If You Choose Not To Disclose
- Know your rights.
- Research whether the organization is required to provide reasonable accommodations.
- Evaluate whether your disability might affect your work performance.
- Review your work performance with your supervisor periodically.
Evaluating Your Workplace
There are different strategies in place for you to evaluate the organization you choose as your workplace. The strategies below should serve as a guide. If you have concerns or further questions, please reach out to a career advisor.
- Does the organization have an ADA or inclusion statement on their website?
- Do the mission and vision of the company align with your values?
- Can you connect with alums or other students who have worked there to get an in-depth look and also conduct an informational interview with current employees?
- Are there public sites (e.g. Glassdoor) where you can research employee reviews?
- Do they have an affinity or resource group?
- Is the organization on Diversity Inc.’s Top 50 or other national lists for their diversity policies and programs? If so, what are the criteria for making the list?
- Are there any programs or resources for employees focused on issues of concern for you? (For example, Marriott’s diversity and inclusion councils)
Ways To Handle Discrimination In The Workplace
Federal law prohibits discrimination against individuals on the basis of race, color, national origin, sex, religion, disability, pregnancy, and age.
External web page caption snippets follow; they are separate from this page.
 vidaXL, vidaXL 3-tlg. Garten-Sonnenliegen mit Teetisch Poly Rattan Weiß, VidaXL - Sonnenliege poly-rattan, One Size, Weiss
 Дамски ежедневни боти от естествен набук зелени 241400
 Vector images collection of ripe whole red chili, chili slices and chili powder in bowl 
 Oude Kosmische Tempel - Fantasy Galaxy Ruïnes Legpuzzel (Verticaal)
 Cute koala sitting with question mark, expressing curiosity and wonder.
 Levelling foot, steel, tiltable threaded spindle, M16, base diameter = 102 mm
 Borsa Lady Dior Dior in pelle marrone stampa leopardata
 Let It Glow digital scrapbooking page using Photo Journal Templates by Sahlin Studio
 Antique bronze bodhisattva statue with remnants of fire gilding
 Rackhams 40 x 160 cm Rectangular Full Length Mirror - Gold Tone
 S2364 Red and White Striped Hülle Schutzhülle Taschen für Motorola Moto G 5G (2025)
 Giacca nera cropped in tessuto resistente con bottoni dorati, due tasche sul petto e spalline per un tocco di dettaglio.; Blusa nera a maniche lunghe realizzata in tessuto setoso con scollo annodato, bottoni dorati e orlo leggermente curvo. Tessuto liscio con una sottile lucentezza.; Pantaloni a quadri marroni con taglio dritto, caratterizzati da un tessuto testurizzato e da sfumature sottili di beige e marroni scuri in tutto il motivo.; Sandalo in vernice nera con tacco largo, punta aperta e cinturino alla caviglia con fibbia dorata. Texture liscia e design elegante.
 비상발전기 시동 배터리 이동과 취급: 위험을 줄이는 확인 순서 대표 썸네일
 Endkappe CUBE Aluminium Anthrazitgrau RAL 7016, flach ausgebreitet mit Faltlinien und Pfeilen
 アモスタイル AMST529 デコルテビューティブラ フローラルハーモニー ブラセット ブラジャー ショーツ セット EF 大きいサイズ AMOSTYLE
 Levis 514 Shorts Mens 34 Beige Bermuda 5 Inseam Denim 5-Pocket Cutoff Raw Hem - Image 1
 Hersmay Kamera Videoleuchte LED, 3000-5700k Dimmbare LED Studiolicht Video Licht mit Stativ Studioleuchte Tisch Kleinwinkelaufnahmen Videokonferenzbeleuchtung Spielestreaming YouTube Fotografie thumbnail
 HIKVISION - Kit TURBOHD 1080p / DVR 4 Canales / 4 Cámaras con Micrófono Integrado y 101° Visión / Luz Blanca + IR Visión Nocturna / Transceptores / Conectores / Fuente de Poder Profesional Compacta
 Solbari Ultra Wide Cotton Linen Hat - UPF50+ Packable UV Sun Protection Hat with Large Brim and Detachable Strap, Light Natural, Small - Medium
Employers are responsible for complying with the law, but you are responsible for making sure you know and protect your rights.
Illegal Interview Questions
Did you know that it is against the law for employers to ask you certain questions in a job interview? To learn more about what topics are off-limits and what to do if you are asked about them, see the guide by Imdiversity.com-illegal-job-interview-questions-and-how-to-respond-to-them/ and Thebalancecareers.com/how-to-answer-inappropriate-interview-questions.
Discrimination in the workplace
If you experience discrimination once you have started a job, here are some tips and information about dealing with employment discrimination. You are also welcome to reach out to the director of career equity and access for support and inquiries.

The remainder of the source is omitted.